Fifty SDS (median diameter 4.5 mm, range 4 to 7 mm) were implanted in 5 neonatal piglets (mean age 1.5 weeks, range 1 to 2 weeks; mean weight 3.4 kg, range 3 to 3.6 kg). Aspirin (40.5 mg/day, oral) was started 3 days prior to the procedure. The piglets were pre-medicated with 6 mg/kg telazol, intubated, maintained on isoflurane with neuromuscular blockade, mechanically ventilated with peak inspiratory pressure of 20 cm H2O, an inspired oxygen fraction of 1 and a rate of 25 to 30 breaths/min to achieve a normal pH and arterial CO2 tension. Intravenous cefazolin (25 mg/kg) was administered. Universal sterile precautions were applied. The right internal jugular vein and the right carotid artery were accessed via cut-down. A 7-F sheath was introduced into the vein, and a 5-F sheath was introduced into the artery. Continuous electrocardiography, pulse oximetry, and invasive blood pressure monitoring through the side arm of the arterial sheath were performed. Arterial blood gasses and activated clotting times were measured every 30 min. An intravenous heparin bolus of 200 U/kg was administered with additional boluses given as needed to maintain activated clotting times between 200 to 250 s. Ten stents were implanted under fluoroscopic guidance in various locations in each piglet (Figure 1, Online Video 3). Angiograms were obtained before and after stent implantation in an Artiz Zee Zeego suite (Siemens, Munich, Germany). Diameters of the blood vessel prior to stent implantation and of the stent post-implantation were measured on the basis of the angiograms. Following the procedure, the piglets were extubated and transferred to a warming mat in a pen located in a temperature-controlled area. They were maintained on oral cephalexin for 2 days post-procedure.
Six types of pre-mounted stents were implanted, the properties of which are described in Table 1. They were grouped into 4 categories: CS, biliary (BS), renal (RS), and nitinol stents. Only 1 type of CS, the VeriFLEX stent (n = 24, median diameter 4 mm; Boston Scientific, Natick, Massachusetts) was implanted, as this stent has been best suited for unzipping in vitro, predictably fracturing at twice its nominal diameter with minimal shortening. Two types of BS were implanted; Palmaz Genesis and Blue (n = 14, median diameter 6 mm; Cordis, Johnson & Johnson, Piscataway, New Jersey). In vitro, these stents had unzipped at 3 times their nominal diameter, but underwent significant shortening. Three nitinol Protégé self-expanding stents (SES) (ev3, Plymouth, Minnesota) were implanted (median diameter 6 mm). These stents did not unzip in vitro, but developed disorganized fractures at twice nominal diameter. Two types of RS were implanted; Express SD (Boston Scientific) and Formula 414 (n = 9, median diameter 6 mm; Cook Medical, Bloomington, Indiana). These stents had unzipped at twice nominal diameter in vitro. The uneven distribution of stent types that were implanted was secondary to match the vessel size to the nominal stent diameter.

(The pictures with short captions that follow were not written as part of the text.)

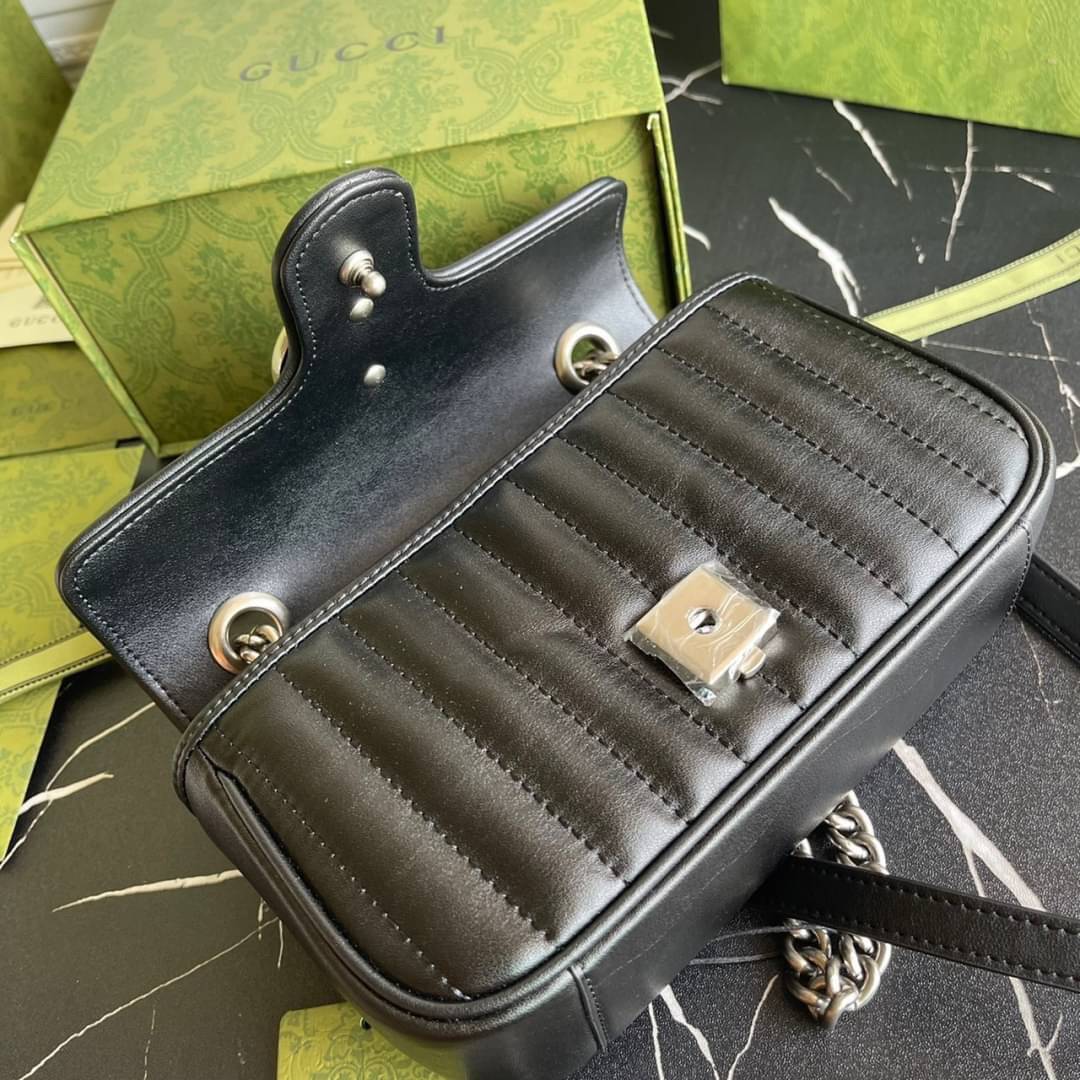 หนังแท้ GUCCI GG Marmont leather shoulder bag แบบใหม่ล่าสุด ราคานี้หนังแท้คือคุ้มมากเลยค่าสาวๆ ต้องจัดแล้วน้าา ยกระดับความหรูให้กับตัวเองกันหน่อย ด้วยกระเป๋ารุ่นนี้!! ครอสบอดี้ที่ดีไซน์หรู อัพเลเวล ในราคาที่จับต้องได้ พร้อมเสิร์ฟความสวยตรงถึงบ้านแล้วจ้า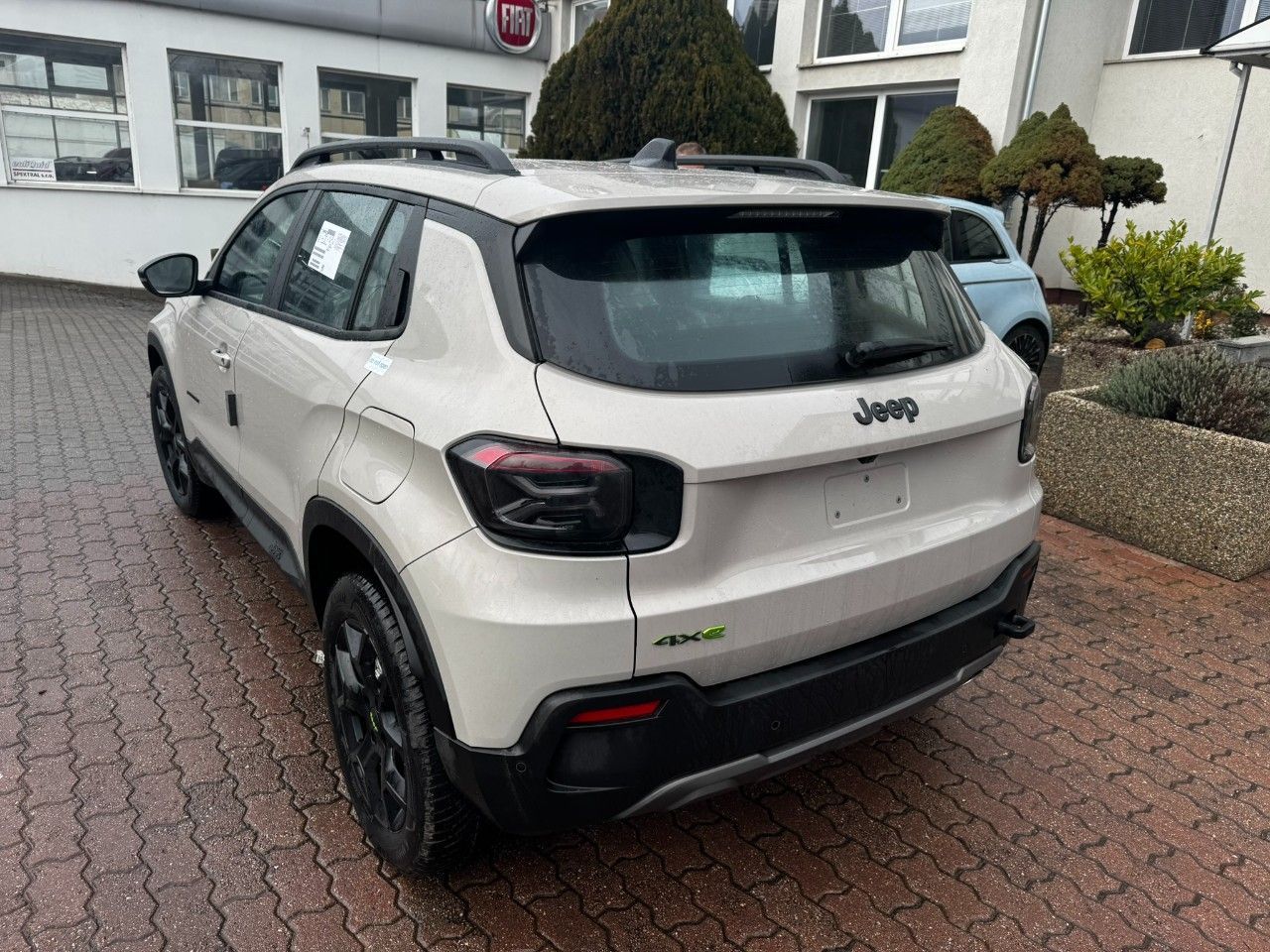 Jeep Avenger, 4xe Upland 1.2 Turbo e-Hybrid - fotka 2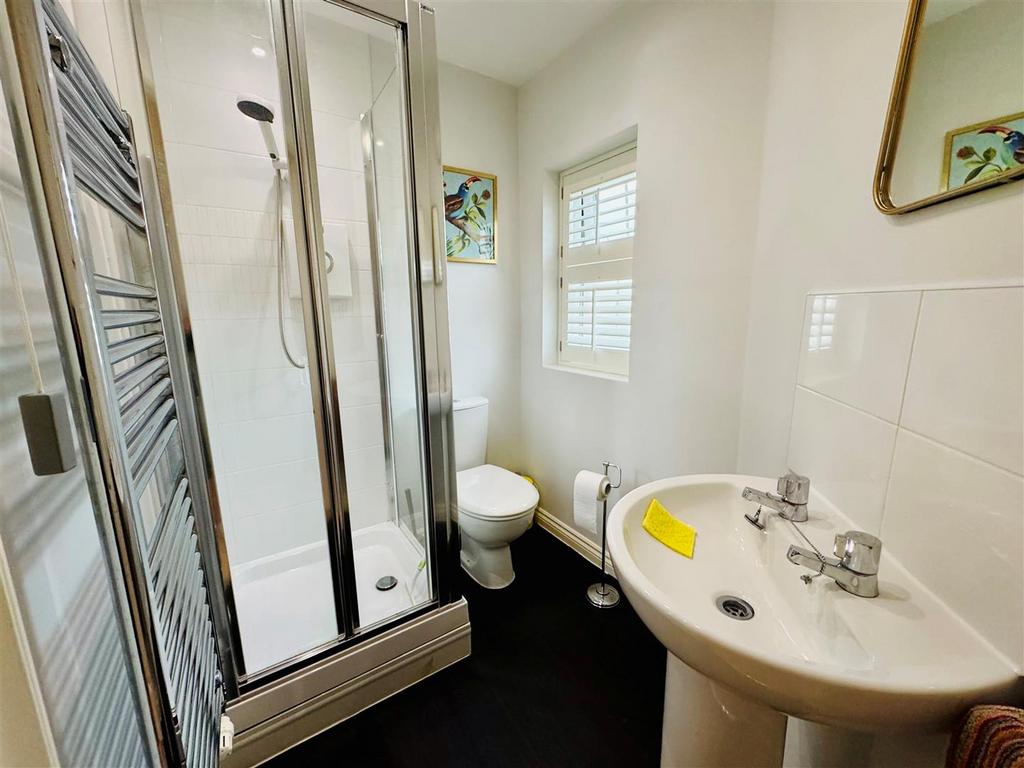 Ensuite.jpg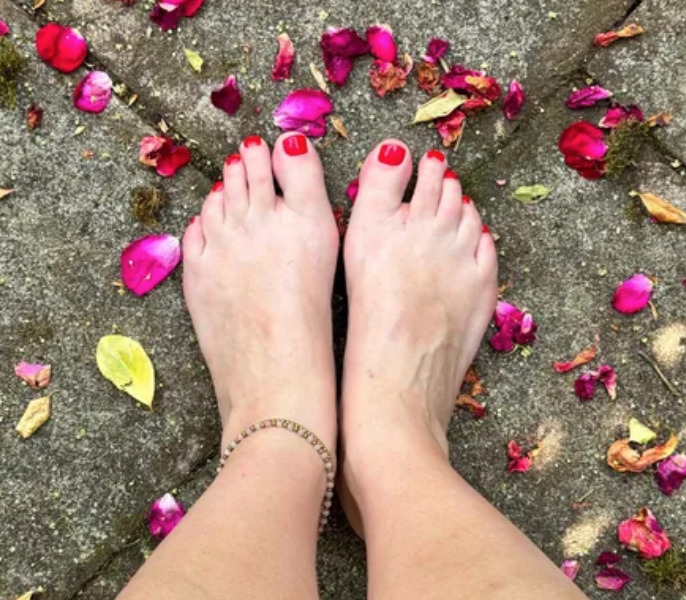 Fuß-Cam 🦶🏻♥️👠💋 Heiße Fußblicke – exklusiv für dich! 💋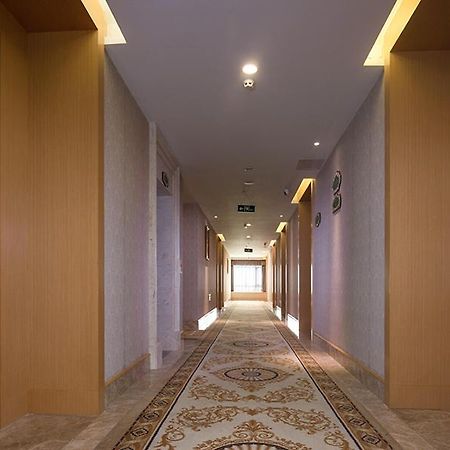Vienna 3 Best Hotel Dongguan Liaobu Veicle City Экстерьер фото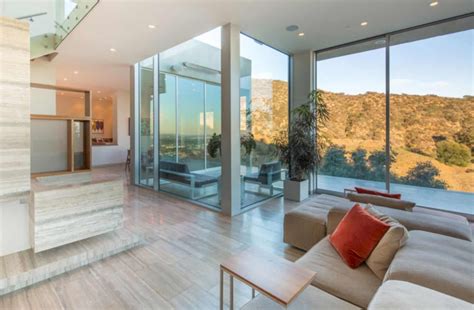 Canyon House: A Modern House with An Open Interior and Rear Area ...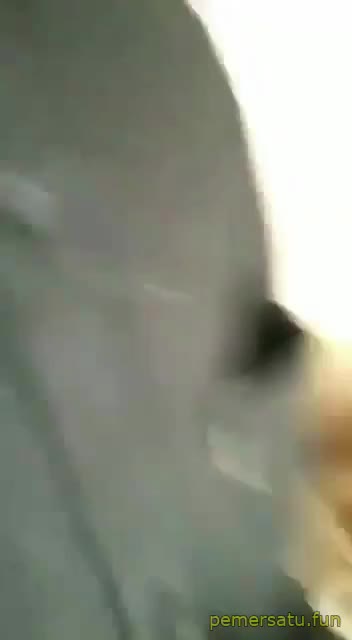 Disepong Jilbab Di Wc Sekolah Sampai Crot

The blood vessels in which the stents were implanted were grouped as pulmonary arteries (PA), systemic arteries, and systemic veins. A total of 13 stents were implanted in the PA (CS = 9, BS = 3, and RS = 1), 25 stents in systemic artery (aorta and common iliac arteries; CS = 10, BS = 7, SES = 1, and RS = 7), and 12 stents in systemic veins (inferior vena cava and common iliac veins; CS = 5, BS = 4, SES = 2, and RS = 1). Figure 1 demonstrates implantation of stents in 3 individual piglets. Complete physical exams with assessment for weight gain were performed weekly. Sedated echocardiograms and fluoroscopy were performed once every 3 weeks. To assess for blood vessel growth, the diameters of the blood vessels adjacent to the stents were measured and Doppler gradients across the stents were recorded. The piglets were maintained on aspirin (81 mg/day, oral), throughout the growth phase.
Unzipping of stents
Three months after stent implantation, a second catheterization was performed with anesthesia, medications, and monitoring as previously described. At the time of the second catheterization, the piglets had achieved a median weight of 32 kg (range 28 to 35 kg). An 8-F sheath and a 7-F sheath were introduced via cut-down into the left internal jugular vein and the left carotid artery, respectively. The percentage in-stent stenosis (ISS) was calculated from angiograms. UHP balloons (Conquest or Dorado up to 10 mm, and Atlas for >10 mm; Bard Peripheral Vascular, Tempe, Arizona) were used to dilate the stents serially, first with 1 mm increments in balloon diameter until 6 mm, followed by 2 mm increments until the stents either unzipped (Figure 2, Online Video 4) or shortened without unzipping (napkin-ringed). Pressure gradients were measured by catheter pullback before and after the stents were dilated. A hemodynamically relevant stenosis was judged by a systolic pressure gradient >20 mm Hg in arteries and a mean gradient >5 mm Hg in veins. Angiograms were performed after each dilation to evaluate for complications. The diameter and length of each stent after each dilation was measured by fluoroscopy until the outcome was achieved. The percentage decrease in length (Δlength) to the percentage increase in diameter (Δdiameter) was calculated (dL/dD ratio) for each stent following unzipping or napkin-ringing. The ultimate fracture diameter was represented as a multiple of the nominal diameter of the stent (X-nominal). The hoop stress (σθ) for each dilation was calculated. As stent fracturing is a dynamic process and the σθ at the exact moment of stent fracture could not be calculated, the mean σθ of the penultimate and ultimate dilations from a mathematical model was calculated as the yield stress (σy) for the stent. RSS was defined as the ratio of the final diameter of the stented segment of the vessel compared to adjacent, normal vessel diameter. If over-dilation of the stent resulted in the stented segment being larger than the adjacent, nonsegmented vessel, then RSS was considered to be 0% and not expressed as a negative percentage. RSS and ISS ≥20% were considered significant.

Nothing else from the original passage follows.